Starting at Sep 18, 2021 16:05 UTC, Square’s servers experienced a service disruption, impacting Square products. For approximately 3 hours, the issue prevented some sellers from being able to sign into their accounts or accept tips.
In this post mortem recap, we’ll communicate the root cause of this disruption, document the steps that we took to diagnose and resolve the disruption, and share our analysis and actions to ensure that we are properly defending our customers from service interruptions like this in the future.
16:05 Beginning of impact: APIs for fetching account & device settings suffered increasing latency and declining request success rate
16:05 Automated detectors paged oncall engineers
16:06 Oncall engineer began the investigation
16:16 Oncall engineer expanded the investigation across multiple teams
16:29 Incident summary and investigation document is created
16:41 Engineers identify worst performing database queries
16:56 Customer Success set issquareup.com to “Investigating” status
17:15 Engineers rate limit incoming traffic to reduce load on the database
17:30 Engineers kill longest running queries to reduce load on the database
17:36 Engineers shed all incoming traffic to allow database recovery
17:38 Engineers re-enable incoming traffic
17:40 Database performance degrades further
17:45 Engineers switched the database to other hardware
18:13 Engineers set lower rate limiting on incoming traffic
18:24 Engineers identify subset of queries causing the performance degradation
18:30 Engineers propose database operation to optimize those queries
18:43 Engineers backup database to avoid data loss
18:46 Engineers perform database operation
19:00 End of impact: Request success rates returned to their baseline before the incident began.
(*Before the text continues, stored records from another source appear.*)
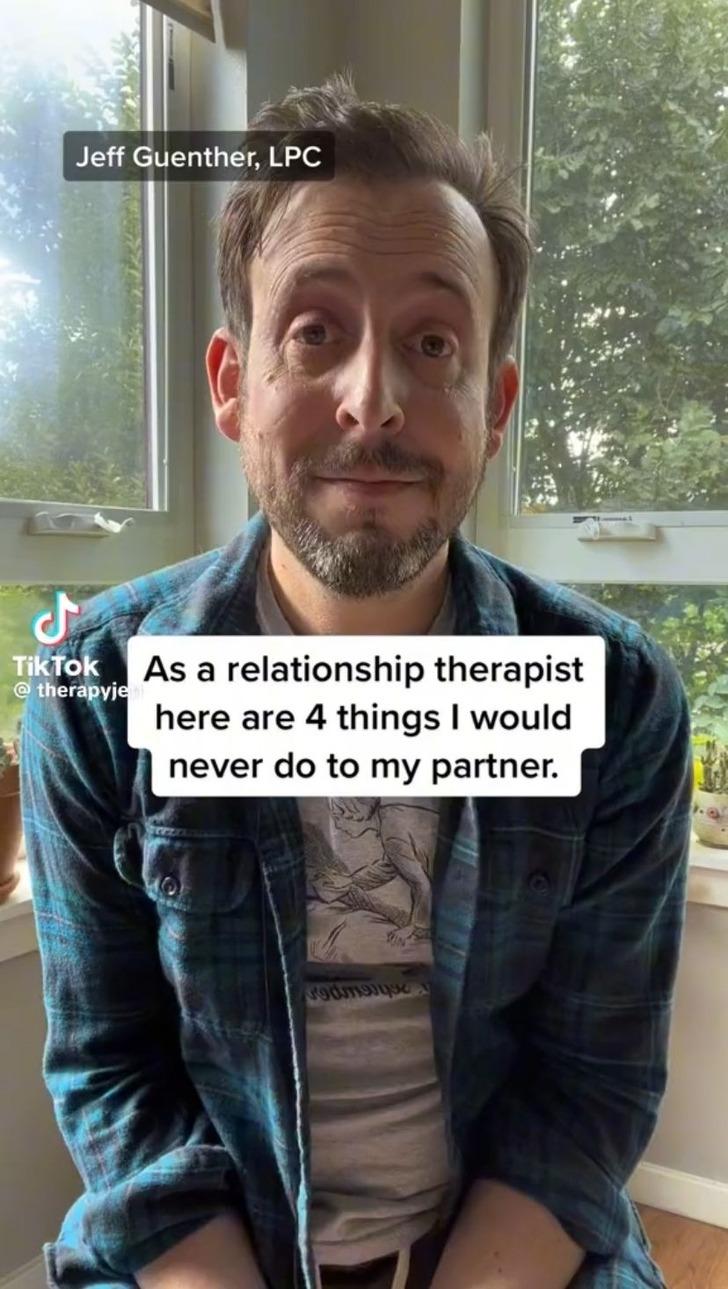 İlişki terapisti 'Partnerime asla yapmayacağım 4 şey' diyerek paylaştı!  G1
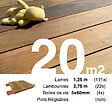 TERRASSEENBOIS - Kit terrasse bois exotique IPE pour 20 m², Lames 1,25 m, lambourdes 1,55 m et visserie Inox. - vignette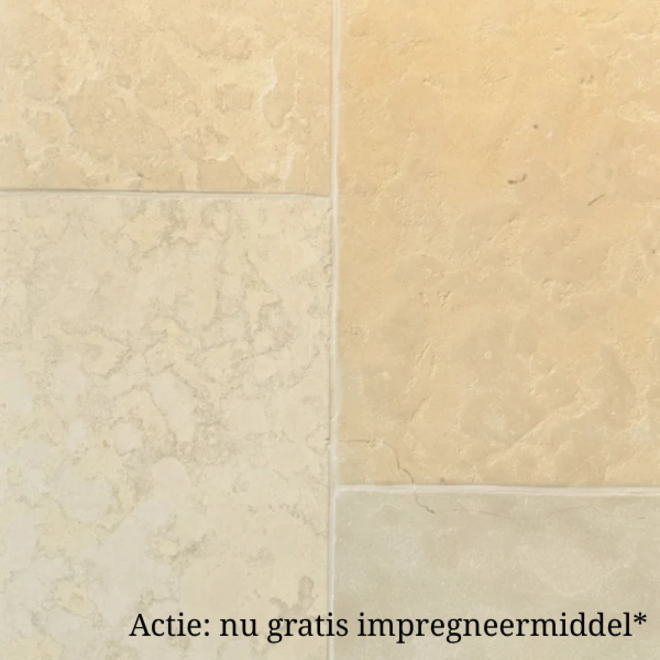 KempiQ Bourgondische dallen "Calcaire nuance" geborsteld 40/50 cm breed per m2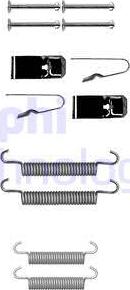 Delphi LY1362 - Set accesorii, saboti frana parcare aaoparts.ro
19:21 Customer Success set issquareup.com to “Monitoring” status
21:07 Customer Success set issquareup.com to “Resolved” status
This incident revealed areas of improvement for both our technical infrastructure and our engineering processes, several of which have already been implemented.
A new usage pattern for Square APIs generated an unexpected volume of data within the database storing mobile application settings. Queries, which were not optimized for this scale, faced degraded performance, leading to timeouts retrieving settings from this database. APIs that were depended on by our mobile Point of Sale applications to retrieve account information from this database began excluding the unavailable information.
As a result, the iOS mobile applications unintentionally reverted to incorrect values for application settings, such as disabling tipping. Disabling tipping negatively impacted both sellers and their employees, and sellers were unable to re-enable tipping due to periodic syncs reapplying that setting.
When attempting to log-in, sellers using device codes to log into mobile applications encountered a different issue due to our system treating all requests missing those settings as entirely invalid. The log-in flow requires successful retrieval of account information which blocked these sellers from taking payments.
To prevent the same issue from occurring again in the future, our engineering teams will conduct an audit of each setting to ensure that, in the event of service disruption, a local cache of settings remains in effect such that settings remain unchanged. We’ll also be exploring other options for ensuring tipping stability is highly prioritized in the future. Finally, we’ve refined our metric detectors to forecast alarming trends before performance degradation occurs.